In corrispondenza delle zone di estremità, la struttura deve poter scontare gli spostamenti dovuti alle forze agenti esternamente (sisma, vento, traffico, ecc…) o internamente (temperatura). Quindi è richiesta la presenza di particolari giunti nella pavimentazione che permettano tali movimenti pur mantenendo la continuità della pavimentazione stradale. Tali giunti, comunemente denominati giunti di dilatazione, possono essere di diversi tipi e per ponti di grande luce devono poter permettere spostamenti dell’ordine di 1000 mm. Per il ponte in esame si è scelto di utilizzare giunti di dilatazione in gomma armata, prodotti dall’azienda FIP Industriale, che siano in grado di scontare uno spostamento di ±120 mm (massimo spostamento longitudinale in corrispondenza della spalla destra, vedi figura 11.16) . Nello specifico, il nome del modello è GPE 300 e permette uno spostamento longitudinale massimo di ±150 mm.

Fig. 11.18 – Giunto di dilatazione utilizzato con indicazione delle dimensioni in millimetri.

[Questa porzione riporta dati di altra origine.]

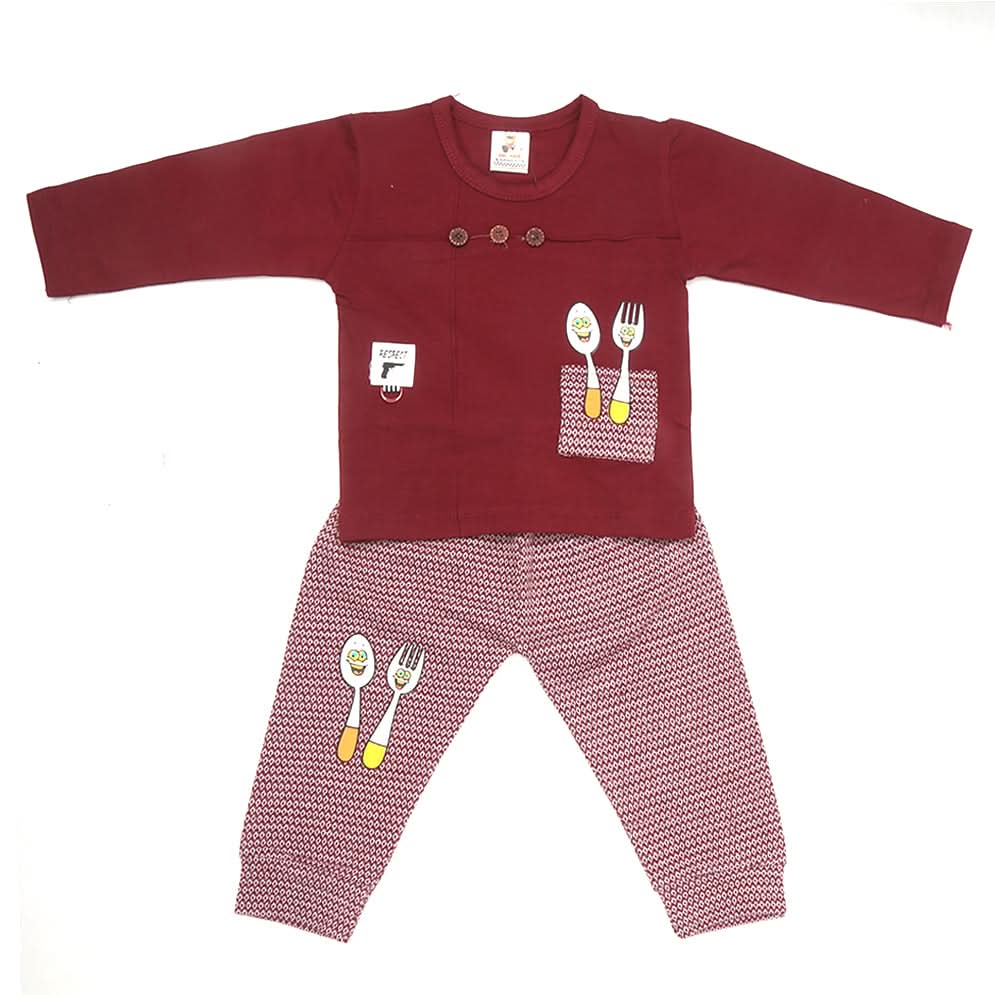 Newborn Boys Full Sleeves Suit - Maroon, Kids, NB Boys Sets And Suits, Chase Value, Chase Value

Tale giunto di dilatazione ed impermeabilità è costituito da:

- Moduli in gomma armata realizzati mediante una piastra ponte centrale ed elementi portanti laterali vulcanizzati su piatti in acciaio inox (E);

- Sistema di ancoraggio meccanico realizzato mediante barre filettate o, in alternativa, zanche multidirezionali e tirafondi, secondo le esigenze di cantiere (B);

- Scossalina di raccolta acque in hypalon (C);

- Profilo ad L in acciaio inox per drenaggio acque di sotto-pavimentazione (D);

- Massetti di malta epossidica di raccordo fra gli elementi di giunto e la pavimentazione bituminosa (A).